Depuis 1998 déjà, l’Allemagne met à disposition des capacités civiles sanitaires, de déminage et de traitement du stress, et a complété son offre en novembre 2000 par d’importantes capacités militaires, à savoir des capacités de transport terrestre et aérien, dans le service de santé, de génie militaire, des éléments de télécommunication et de sécurité proportionnelle, des composantes navales pour la reconnaissance, la surveillance et la lutte contre les mines, des observateurs militaires, une police militaire et du personnel pour le soutien d’état-major.

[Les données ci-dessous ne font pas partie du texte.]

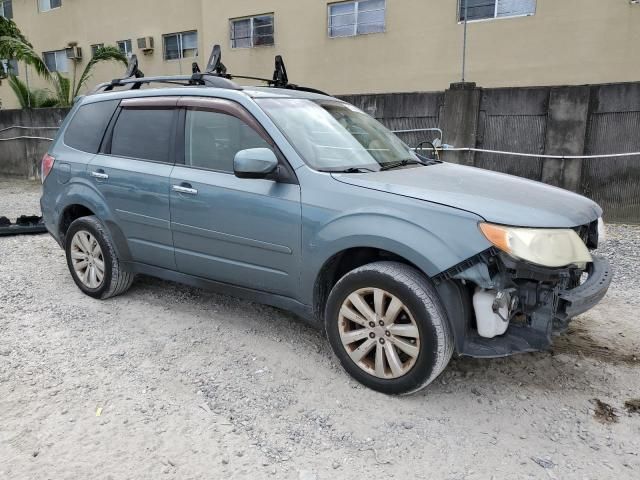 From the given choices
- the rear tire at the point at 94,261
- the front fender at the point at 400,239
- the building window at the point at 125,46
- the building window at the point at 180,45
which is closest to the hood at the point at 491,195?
the front fender at the point at 400,239

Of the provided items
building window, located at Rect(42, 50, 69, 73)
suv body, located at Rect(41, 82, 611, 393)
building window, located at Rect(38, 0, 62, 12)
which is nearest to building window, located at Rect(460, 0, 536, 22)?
suv body, located at Rect(41, 82, 611, 393)

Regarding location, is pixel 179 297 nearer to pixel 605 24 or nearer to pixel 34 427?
pixel 34 427

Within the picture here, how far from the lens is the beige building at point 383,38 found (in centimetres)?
1006

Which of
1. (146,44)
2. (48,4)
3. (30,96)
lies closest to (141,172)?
(146,44)

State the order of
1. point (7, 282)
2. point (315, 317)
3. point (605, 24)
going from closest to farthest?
point (315, 317) → point (7, 282) → point (605, 24)

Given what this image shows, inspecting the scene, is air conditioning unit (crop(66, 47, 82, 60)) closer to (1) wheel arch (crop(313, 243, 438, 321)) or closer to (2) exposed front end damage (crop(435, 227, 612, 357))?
(1) wheel arch (crop(313, 243, 438, 321))

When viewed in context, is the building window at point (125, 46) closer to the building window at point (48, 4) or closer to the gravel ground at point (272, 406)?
the building window at point (48, 4)

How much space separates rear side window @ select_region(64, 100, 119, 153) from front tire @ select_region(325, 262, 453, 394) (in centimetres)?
264

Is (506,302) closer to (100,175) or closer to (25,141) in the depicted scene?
(100,175)

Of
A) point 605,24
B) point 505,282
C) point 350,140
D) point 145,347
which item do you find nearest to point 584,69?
point 605,24

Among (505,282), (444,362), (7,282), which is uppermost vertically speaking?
(505,282)

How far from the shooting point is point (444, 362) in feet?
9.26

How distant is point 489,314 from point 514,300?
16 cm

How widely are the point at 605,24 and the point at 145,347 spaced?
10.3m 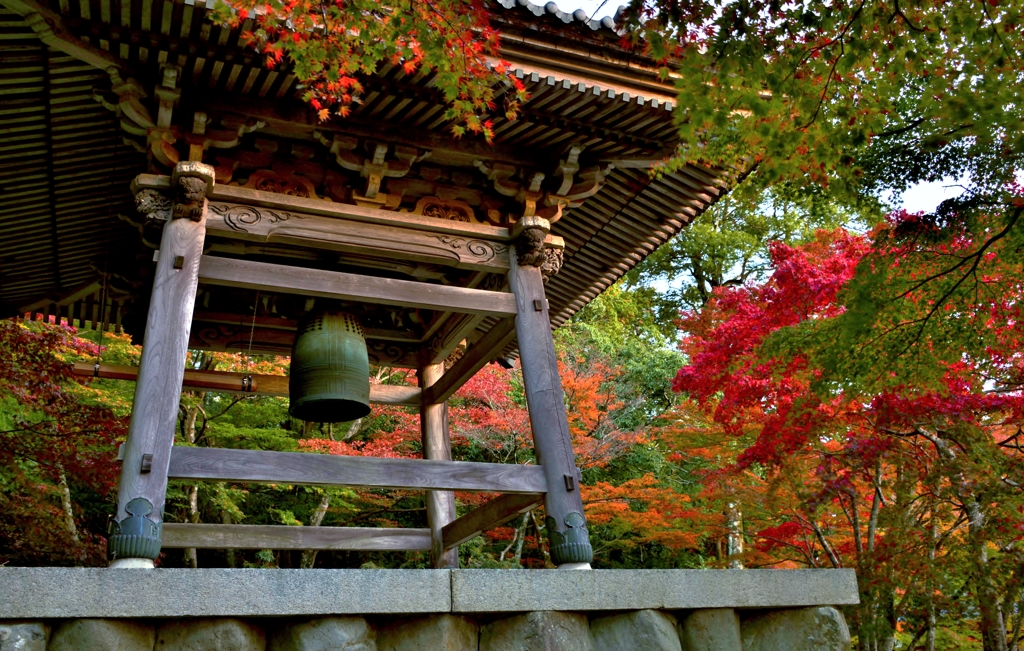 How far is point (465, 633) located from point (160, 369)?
2337 millimetres

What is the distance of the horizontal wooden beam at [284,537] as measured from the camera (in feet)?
22.3

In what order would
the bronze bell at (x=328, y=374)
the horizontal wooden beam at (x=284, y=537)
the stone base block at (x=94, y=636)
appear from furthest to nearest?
the horizontal wooden beam at (x=284, y=537) < the bronze bell at (x=328, y=374) < the stone base block at (x=94, y=636)

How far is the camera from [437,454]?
25.9 feet

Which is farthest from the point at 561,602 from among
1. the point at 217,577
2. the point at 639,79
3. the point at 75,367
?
the point at 75,367

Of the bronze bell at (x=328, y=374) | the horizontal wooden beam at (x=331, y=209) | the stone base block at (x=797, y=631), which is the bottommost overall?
the stone base block at (x=797, y=631)

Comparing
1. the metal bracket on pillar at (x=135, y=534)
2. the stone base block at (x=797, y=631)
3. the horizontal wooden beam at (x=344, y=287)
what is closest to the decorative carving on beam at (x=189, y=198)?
the horizontal wooden beam at (x=344, y=287)

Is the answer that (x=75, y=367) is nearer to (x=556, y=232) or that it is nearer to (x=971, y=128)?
(x=556, y=232)

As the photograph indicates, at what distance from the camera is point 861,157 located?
4.95 m

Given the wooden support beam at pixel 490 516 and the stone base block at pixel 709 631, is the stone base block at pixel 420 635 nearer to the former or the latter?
the stone base block at pixel 709 631

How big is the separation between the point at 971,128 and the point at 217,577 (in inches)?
166

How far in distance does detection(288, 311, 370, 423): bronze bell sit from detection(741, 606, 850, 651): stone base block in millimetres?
2976

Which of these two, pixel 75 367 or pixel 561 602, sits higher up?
pixel 75 367

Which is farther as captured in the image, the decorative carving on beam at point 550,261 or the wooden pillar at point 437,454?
the wooden pillar at point 437,454

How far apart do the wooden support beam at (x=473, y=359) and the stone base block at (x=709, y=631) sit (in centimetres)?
247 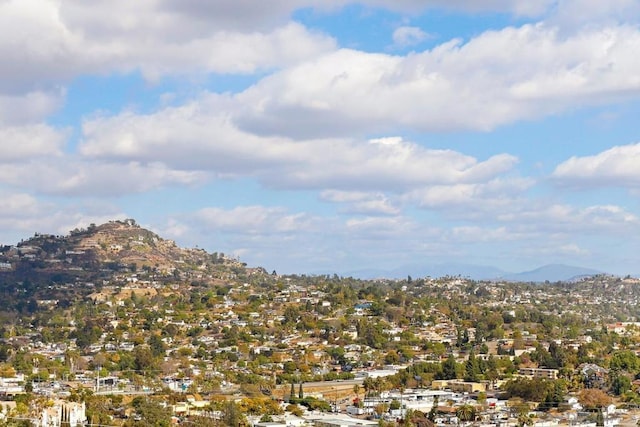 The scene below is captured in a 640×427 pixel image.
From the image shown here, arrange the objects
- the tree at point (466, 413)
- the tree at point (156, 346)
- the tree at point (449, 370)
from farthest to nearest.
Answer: the tree at point (156, 346) → the tree at point (449, 370) → the tree at point (466, 413)

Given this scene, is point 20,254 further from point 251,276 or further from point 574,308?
point 574,308

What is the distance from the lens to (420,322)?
7944 centimetres

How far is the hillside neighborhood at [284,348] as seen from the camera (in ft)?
150

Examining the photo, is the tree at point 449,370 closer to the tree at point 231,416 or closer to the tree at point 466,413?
the tree at point 466,413

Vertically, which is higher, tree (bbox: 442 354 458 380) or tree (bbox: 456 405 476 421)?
tree (bbox: 442 354 458 380)

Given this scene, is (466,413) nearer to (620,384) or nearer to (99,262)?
(620,384)

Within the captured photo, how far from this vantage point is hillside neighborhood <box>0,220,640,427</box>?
45.8m

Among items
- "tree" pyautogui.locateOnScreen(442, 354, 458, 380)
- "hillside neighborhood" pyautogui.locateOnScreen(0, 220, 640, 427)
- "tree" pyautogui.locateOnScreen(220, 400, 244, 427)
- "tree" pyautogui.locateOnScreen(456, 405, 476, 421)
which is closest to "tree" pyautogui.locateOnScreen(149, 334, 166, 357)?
"hillside neighborhood" pyautogui.locateOnScreen(0, 220, 640, 427)

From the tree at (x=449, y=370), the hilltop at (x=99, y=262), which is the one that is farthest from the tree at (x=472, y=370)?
the hilltop at (x=99, y=262)

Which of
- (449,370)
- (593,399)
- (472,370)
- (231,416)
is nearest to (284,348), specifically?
(449,370)

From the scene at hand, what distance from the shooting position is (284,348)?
226 ft

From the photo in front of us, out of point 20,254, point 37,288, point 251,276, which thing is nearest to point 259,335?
point 37,288

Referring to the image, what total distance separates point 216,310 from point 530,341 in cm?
2677

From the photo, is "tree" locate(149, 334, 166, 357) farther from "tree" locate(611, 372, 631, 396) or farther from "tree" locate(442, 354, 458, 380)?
"tree" locate(611, 372, 631, 396) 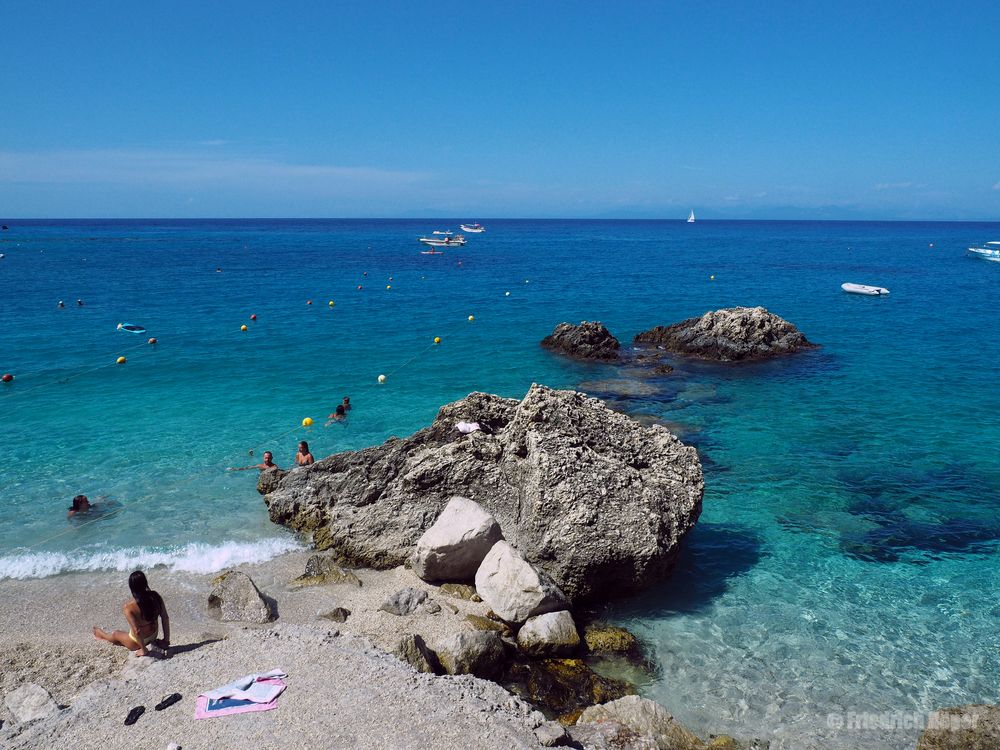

En juin 2002 est fondé le Centre pour les missions internationales de paix afin de procéder de façon encore plus ciblée au détachement de personnel allemand et étranger qualifié dans les missions d’organisations internationales. Ces experts travaillent en particulier dans les domaines de la justice, de l’organisation du secteur administratif ainsi que de l’approvisionnement sanitaire et technico-logistique.
Des moyens financiers et les conseillers techniques allemands ont permis la création du Centre international Kofi Annan pour le Maintien de la Paix (inauguré en janvier 2004) au Ghana, afin de former au maintien de la paix les troupes des organisations régionales africaines.
Samir Battiss
Chargé de recherche
Chaire de recherche du Canada en politiques étrangère et de Défense canadiennes (PEDC)-UQAM
Doctorant, Université Paris Panthéon-Assas (Paris II)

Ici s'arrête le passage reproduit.